■ **WORK REQUIRED**: Having found the line that contains "DiamondCelebritees White 925", please retype only it and every line after it up to the end of the entries, exactly as written.

■ **EXTRACTED RECORDS**:
********

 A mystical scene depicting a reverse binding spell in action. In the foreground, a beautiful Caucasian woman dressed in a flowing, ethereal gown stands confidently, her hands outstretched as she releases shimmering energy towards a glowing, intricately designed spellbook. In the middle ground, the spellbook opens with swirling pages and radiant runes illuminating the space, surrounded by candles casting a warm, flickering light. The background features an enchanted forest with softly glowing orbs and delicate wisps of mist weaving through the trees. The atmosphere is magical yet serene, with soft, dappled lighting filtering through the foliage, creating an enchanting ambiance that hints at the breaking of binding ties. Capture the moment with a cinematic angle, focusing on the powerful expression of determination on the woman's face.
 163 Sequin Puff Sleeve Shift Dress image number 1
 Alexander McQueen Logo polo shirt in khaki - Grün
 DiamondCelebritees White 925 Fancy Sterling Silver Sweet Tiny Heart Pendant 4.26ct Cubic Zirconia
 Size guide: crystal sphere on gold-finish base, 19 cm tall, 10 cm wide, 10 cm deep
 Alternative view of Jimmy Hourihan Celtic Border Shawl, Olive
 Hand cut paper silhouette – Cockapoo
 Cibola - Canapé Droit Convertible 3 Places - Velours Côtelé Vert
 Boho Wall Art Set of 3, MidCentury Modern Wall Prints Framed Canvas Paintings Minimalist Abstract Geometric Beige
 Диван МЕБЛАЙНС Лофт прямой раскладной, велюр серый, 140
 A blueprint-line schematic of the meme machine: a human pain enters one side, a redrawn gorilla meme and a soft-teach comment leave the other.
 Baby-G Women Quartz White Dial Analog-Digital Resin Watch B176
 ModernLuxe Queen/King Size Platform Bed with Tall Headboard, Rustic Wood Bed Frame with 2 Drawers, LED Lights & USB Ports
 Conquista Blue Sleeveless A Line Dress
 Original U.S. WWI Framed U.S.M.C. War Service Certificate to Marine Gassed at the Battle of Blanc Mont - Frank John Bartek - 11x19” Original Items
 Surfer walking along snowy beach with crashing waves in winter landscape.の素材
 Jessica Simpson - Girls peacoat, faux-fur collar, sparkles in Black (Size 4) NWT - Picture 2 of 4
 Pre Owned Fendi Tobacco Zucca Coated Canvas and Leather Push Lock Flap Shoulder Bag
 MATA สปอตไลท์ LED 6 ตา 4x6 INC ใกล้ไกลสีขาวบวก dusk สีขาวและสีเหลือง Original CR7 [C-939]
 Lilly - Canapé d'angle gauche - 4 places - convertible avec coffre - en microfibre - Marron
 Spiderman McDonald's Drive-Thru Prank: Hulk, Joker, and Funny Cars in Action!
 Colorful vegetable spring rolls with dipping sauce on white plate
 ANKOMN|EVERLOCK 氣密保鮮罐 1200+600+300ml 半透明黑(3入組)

********

■ **TASK RESPONSE**:
 DiamondCelebritees White 925 Fancy Sterling Silver Sweet Tiny Heart Pendant 4.26ct Cubic Zirconia
 Size guide: crystal sphere on gold-finish base, 19 cm tall, 10 cm wide, 10 cm deep
 Alternative view of Jimmy Hourihan Celtic Border Shawl, Olive
 Hand cut paper silhouette – Cockapoo
 Cibola - Canapé Droit Convertible 3 Places - Velours Côtelé Vert
 Boho Wall Art Set of 3, MidCentury Modern Wall Prints Framed Canvas Paintings Minimalist Abstract Geometric Beige
 Диван МЕБЛАЙНС Лофт прямой раскладной, велюр серый, 140
 A blueprint-line schematic of the meme machine: a human pain enters one side, a redrawn gorilla meme and a soft-teach comment leave the other.
 Baby-G Women Quartz White Dial Analog-Digital Resin Watch B176
 ModernLuxe Queen/King Size Platform Bed with Tall Headboard, Rustic Wood Bed Frame with 2 Drawers, LED Lights & USB Ports
 Conquista Blue Sleeveless A Line Dress
 Original U.S. WWI Framed U.S.M.C. War Service Certificate to Marine Gassed at the Battle of Blanc Mont - Frank John Bartek - 11x19” Original Items
 Surfer walking along snowy beach with crashing waves in winter landscape.の素材
 Jessica Simpson - Girls peacoat, faux-fur collar, sparkles in Black (Size 4) NWT - Picture 2 of 4
 Pre Owned Fendi Tobacco Zucca Coated Canvas and Leather Push Lock Flap Shoulder Bag
 MATA สปอตไลท์ LED 6 ตา 4x6 INC ใกล้ไกลสีขาวบวก dusk สีขาวและสีเหลือง Original CR7 [C-939]
 Lilly - Canapé d'angle gauche - 4 places - convertible avec coffre - en microfibre - Marron
 Spiderman McDonald's Drive-Thru Prank: Hulk, Joker, and Funny Cars in Action!
 Colorful vegetable spring rolls with dipping sauce on white plate
 ANKOMN|EVERLOCK 氣密保鮮罐 1200+600+300ml 半透明黑(3入組)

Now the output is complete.